If I have time over the weekend I will try to clean the carb and see if I can get it going again. Is there a vid for the procedure out there somewhere? If I can't get it running, I will probably order a new one next week.

The repair is probably more work than the replacement, so normally I wouldn't try both. Since I can't get the part right away I might as well try the repair if I have some time. At any rate, it will be easier to to the replacement if I have had the thing off and back on again recently. Is it absolutely necessary to replace the governor spring when switching to the new carb? The repair would be allot easier if I don't have to remove the gas tank.

Do I need to put any of the blue silicone gasket grease on the replacement gaskets or do they go on dry?

*LMHmedchem*


----------



## DuffyJr (Oct 15, 2015)

Try searching youtube for your specific engine and watch some videos on cleaning carbs. Look for any by donboy73. I'm not all that mechanical and I did mine just from talking to a parts guy where I picked up the carb kit. This was before we had the internet here at the house.


----------



## JayzAuto1 (Jul 25, 2016)

GMorning LMH, There's some great advice already, but from the sounds of it, the carb is bad. I have a couple of those machines at my shop now, (just south of Boston), and all of them need carbs. Those carbs aren't very forgiving and difficult to assemble after cleaning, due to the plastic emulsion tube and rather large flimsy gasket that seals it to the body. The fact that you have fuel to the carb, seems as it is probably clogged. But the fact that it won't run on either may suggest a deeper problem. Have you done a compression or Cylinder Leak Down Test? I have one of those engines that has bad valves also. It would be a shame to purchase a new carb or waste time cleaning the old unit if it has engine problems. GLuck, Jay


----------



## jtclays (Sep 24, 2010)

Can you post a pic of the engine? Is it a Powerbilt, Intek? I know you've been finking around with it for a while, but try draining gas from the tank, through the line that attaches to the carb into a glass jar. I use a regular mason jar. Just let it drain off maybe a 1/2 a cup and then swish it around and look for little black flecks. This will tell you the interior of your fuel line is going away. I always start from the source flow to downstream before cleaning a carb. You can end up claning a carb perfectly and then have the shiitty fuel line run crap right back into it. Briggs fuel lines are kinda of a pain because they are formed and best replaced with OEM so as not to get kinks, but they aren't cheap:roll3yes:. As Jayz mentioned, you may be chasing the carb when it's a valve issue. My experience with Briggs OHV engines is they always benefit from valve adjustments. Don't know why it is, but they frequently lose tolerance.


----------



## LMHmedchem (Feb 5, 2014)

jtclays said:


> Can you post a pic of the engine? Is it a Powerbilt, Intek? I know you've been finking around with it for a while, but try draining gas from the tank, through the line that attaches to the carb into a glass jar. I use a regular mason jar. Just let it drain off maybe a 1/2 a cup and then swish it around and look for little black flecks. This will tell you the interior of your fuel line is going away. I always start from the source flow to downstream before cleaning a carb. You can end up claning a carb perfectly and then have the shiitty fuel line run crap right back into it. Briggs fuel lines are kinda of a pain because they are formed and best replaced with OEM so as not to get kinks, but they aren't cheap. As Jayz mentioned, you may be chasing the carb when it's a valve issue. My experience with Briggs OHV engines is they always benefit from valve adjustments. Don't know why it is, but they frequently lose tolerance.

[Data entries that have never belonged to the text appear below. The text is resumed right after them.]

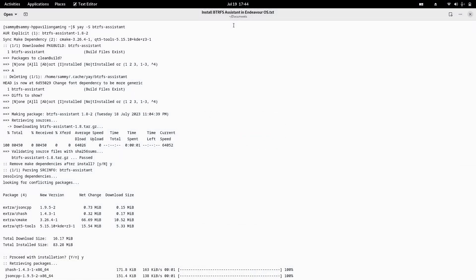Welcome back viewers. In today's video we are going to install the Btrfs Assistant on my EndeavourOS laptop. I had installed the Btrfs file system on EndeavourOS, and the Btrfs Assistant is used to administer the Btrfs file system. We'll check out what it is capable of and how to install it.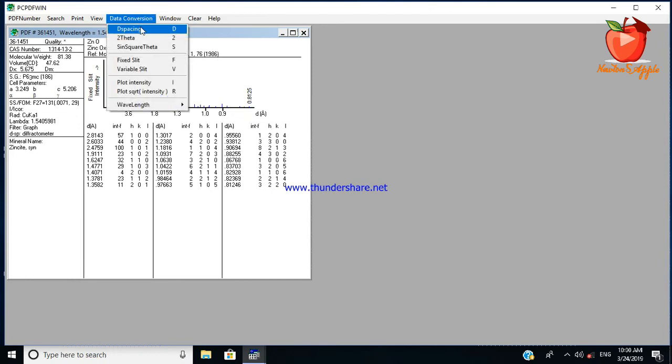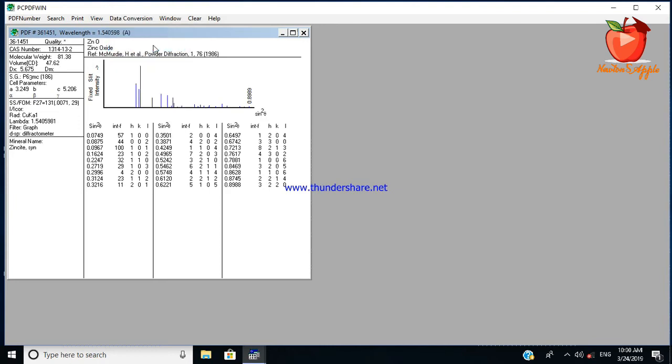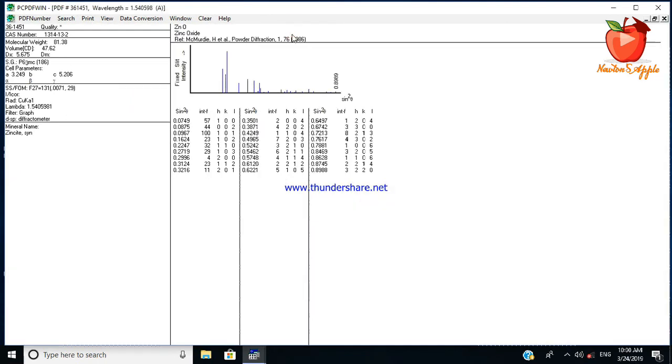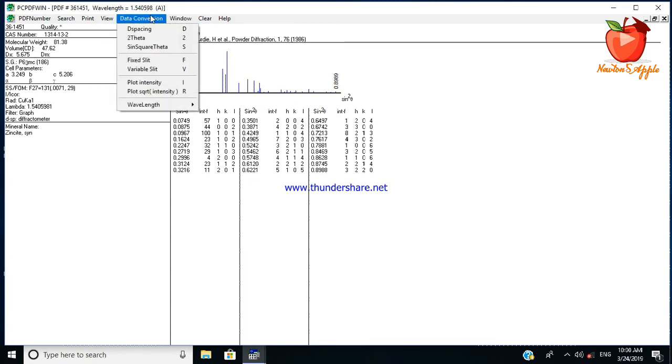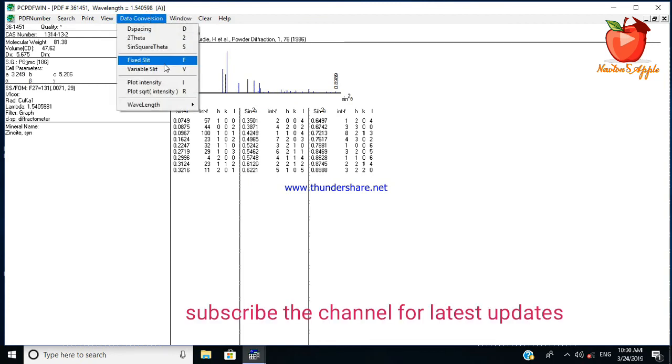You can see the two theta sine square theta value also. As per your need, you can select two theta or d spacing or the sine square theta values. You can also see the fixed slit, variable slit, point intensity values.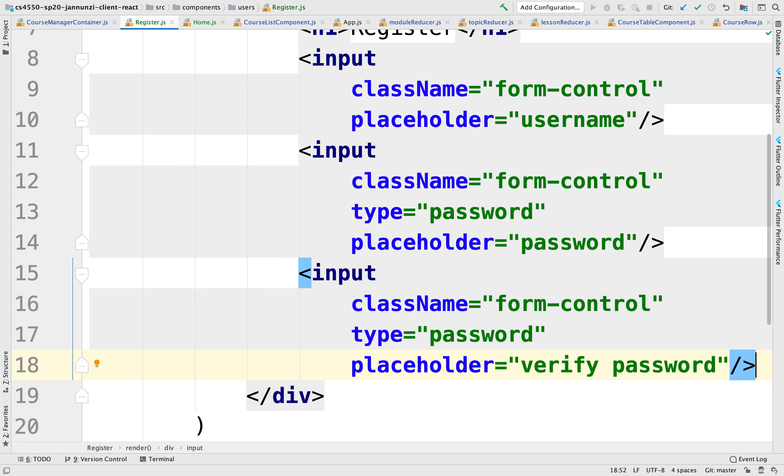Where you can type both passwords and you can validate on the front end whether those passwords are the same. If not, you provide some kind of message saying that the passwords need to match.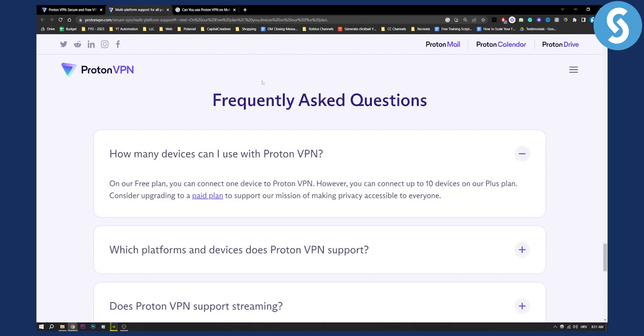So as you can see, if you go here to frequently asked questions: how many devices can I use with ProtonVPN?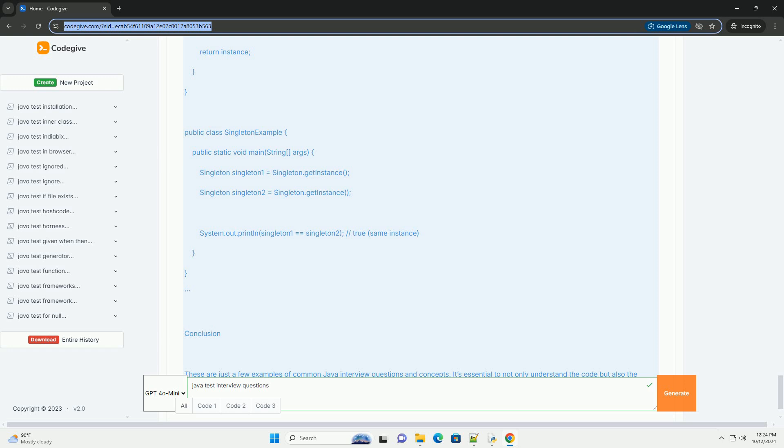Collections Framework. Question 4: What is the difference between ArrayList and LinkedList? Answer: ArrayList is backed by a dynamic array and allows fast random access, while LinkedList is backed by a doubly linked list and allows fast insertions and deletions.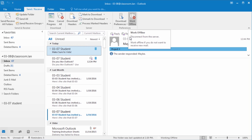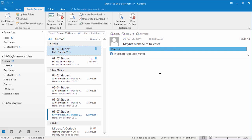To reconnect, simply select the Work Offline button again, and now it will reconnect to the Exchange server.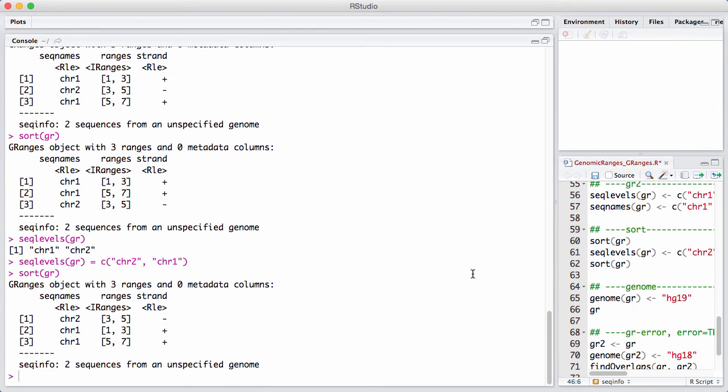This is especially useful if you want to sort things with chromosome 1 and chromosome 10. In sort of standard computer sorting, chromosome 10 would happen before chromosome 2.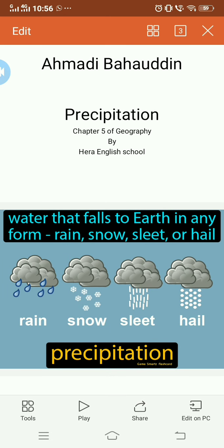Assalamu alaikum. Welcome back to chapter number 5 of geography. That is precipitation.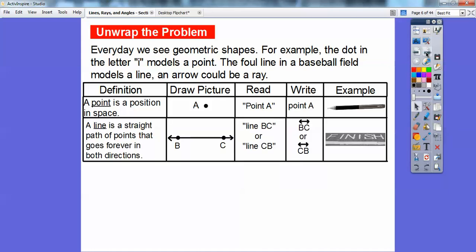A line is a straight path of all points that goes forever in both directions. Here I have a line containing points B and C. It goes through B and C forever in both directions and it's straight — it doesn't do any curving. You can call this line BC or line CB. We write BC with the line symbol on top with arrows on both sides. For example, the finish line could be represented as a line if arrows went in both directions.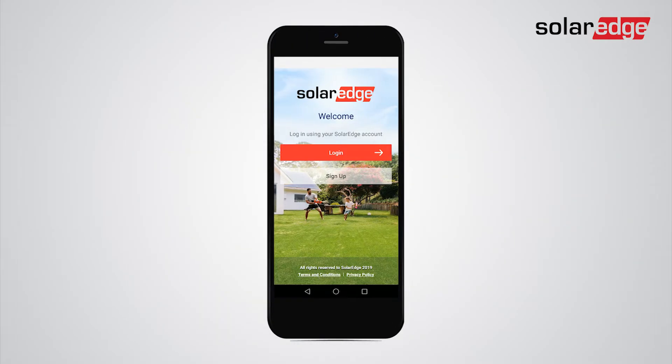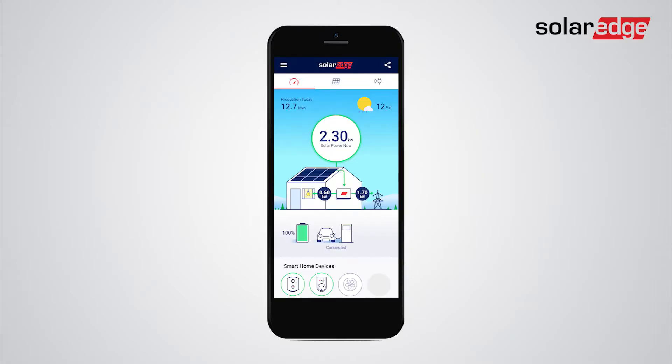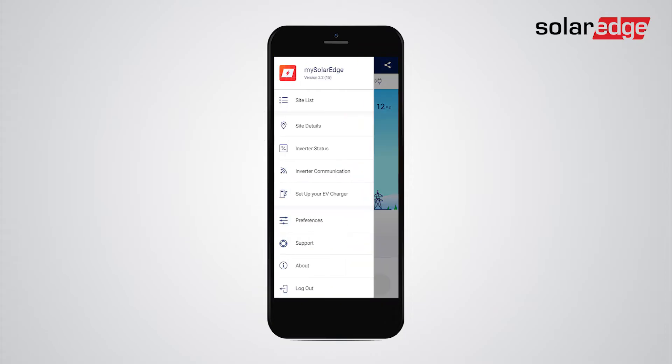First, open your MySolarEdge app and log in. Open the menu and tap Inverter Status.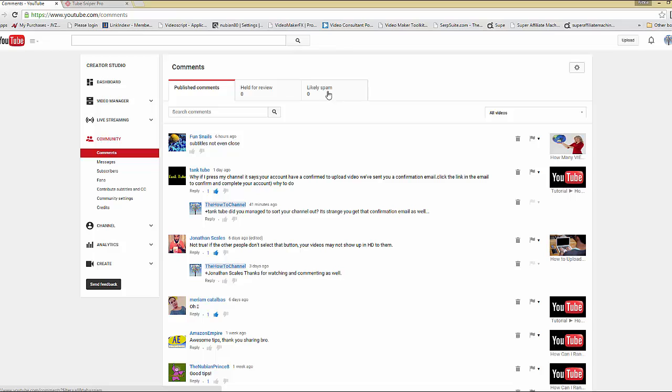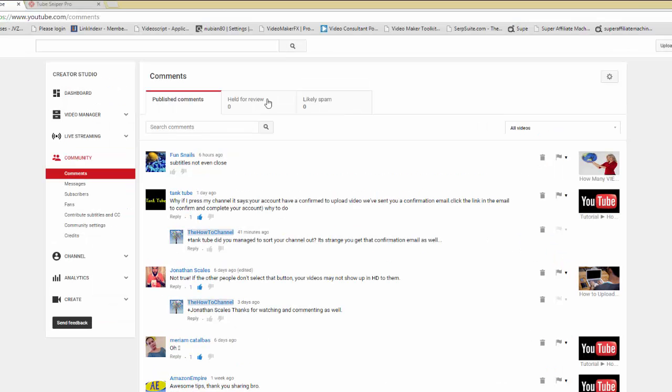It's the same way if on your channel you have videos which may be controversial, or you use certain words that could be swear words or whatever words you probably want to ban from the comment section. Sometimes those get held in here for review, so you go ahead and click into review.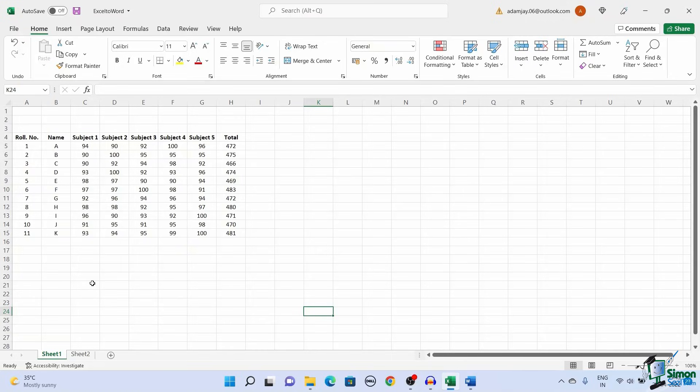First, let us see how to convert an Excel to Word using the copy and paste method. This is an easy and simple way to convert an Excel file to a Word file — by copying contents from the Excel file and pasting it into a Word file.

The engine is a Briggs and Stratton. I can post a few pics if I get a chance to work on it tomorrow. It's dark out now. I have drained quite a bit of gas through the supply line but I didn't check it. I just put it in the haz waste with my old oil to get rid of at the next collection. I will check as you suggest the next time I have it out.

If I replace the carb, the B&S replacement kit comes with a new supply line.
Carburetor 594014 ($59)

How would I go about doing a valve adjustment?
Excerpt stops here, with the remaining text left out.